According to the Massachusetts Supreme Court, the answer isn’t quite so simple.
“Annual” means “annual,” right? How hard could it be. Let’s allow some ambiguous drafting, course of dealing and New York Stock Exchange regulations make it complicated.
PIMCO is a big fund company and Brigade is an investor in two of its funds, each of which is a Massachusetts business trust.
The funds sent notices to investors of their intent to hold annual meetings as usual. Brigade sent notice that it was going to nominate a trustee for election at the annual meetings. PIMCO rescheduled the meetings to the last day of its fiscal year.

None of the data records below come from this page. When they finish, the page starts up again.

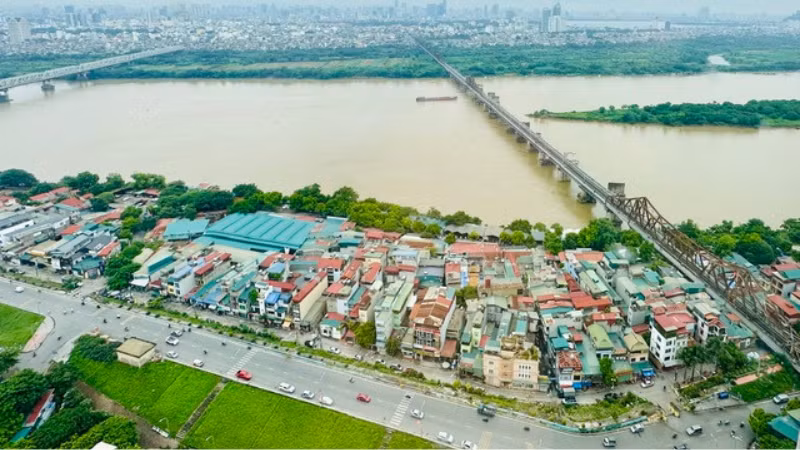 Hai phía bờ sông Hồng là nội đô và ngoại thành của Hà Nội. (Ảnh: chinhphu.vn)
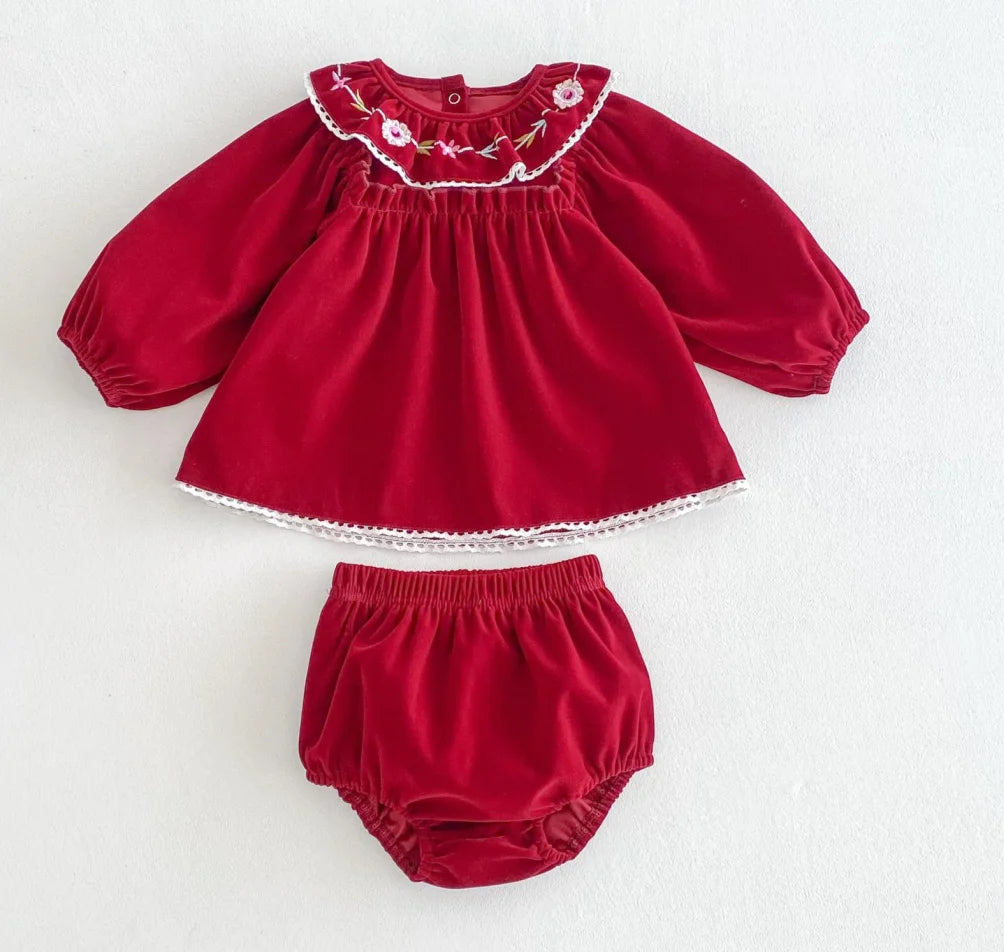 Baby Girl Bloomer Outfit Set with Vintage Lace Embroidery, Long Sleeve Cotton Top and Matching Shorts for Infants and Toddlers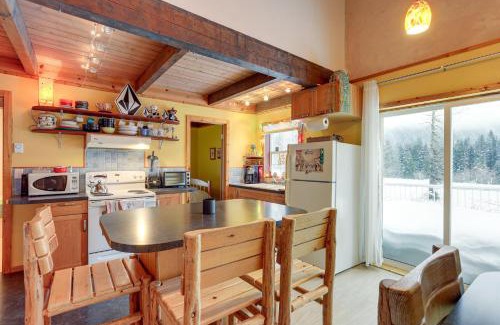 Snoqualmie Pass House | Snoqualmie Pass Cabin with Deck Walk to Ski Lift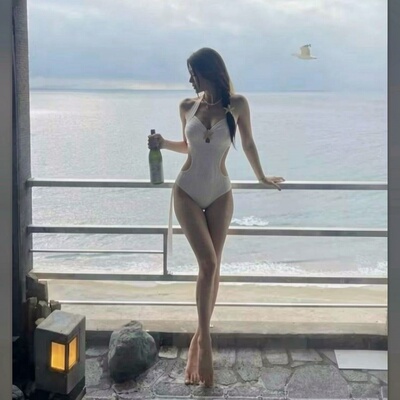 2026新款泳衣女连体高级感白色度假性感游泳衣绝美温泉泰式纯欲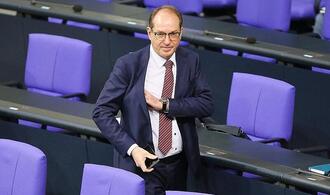 Dobrindt plant Sicherheitsoffensive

The funds’ declarations of trust require annual meetings at least 15 months after the first sale of shares and thereafter as specified in the bylaws.
The funds’ bylaws provide that annual meetings shall be held, so long as common shares are listed for trading on the NYSE, on at least an annual basis.
The NYSE requires listed companies to hold an annual shareholders’ meeting during the fiscal year.
Brigade filed suit seeking an injunction requiring PIMCO to hold the annual meeting as soon as practical and a declaration that the bylaws require an annual meeting at least once within any twelve month period.
Brigade contends that the rescheduling to nineteen months after the last annual meeting does not count as “annual,” which means within twelve months of the last annual meeting. PIMCO says “annual” means “during the fiscal year.”
What the Court Says “Annual” Means
Interpretation of Governing Documents
The court noted that the reference to the NYSE clearly means that an annual meeting must be held, at the very least, once every fiscal year, even though the bylaws do not explicitly say that.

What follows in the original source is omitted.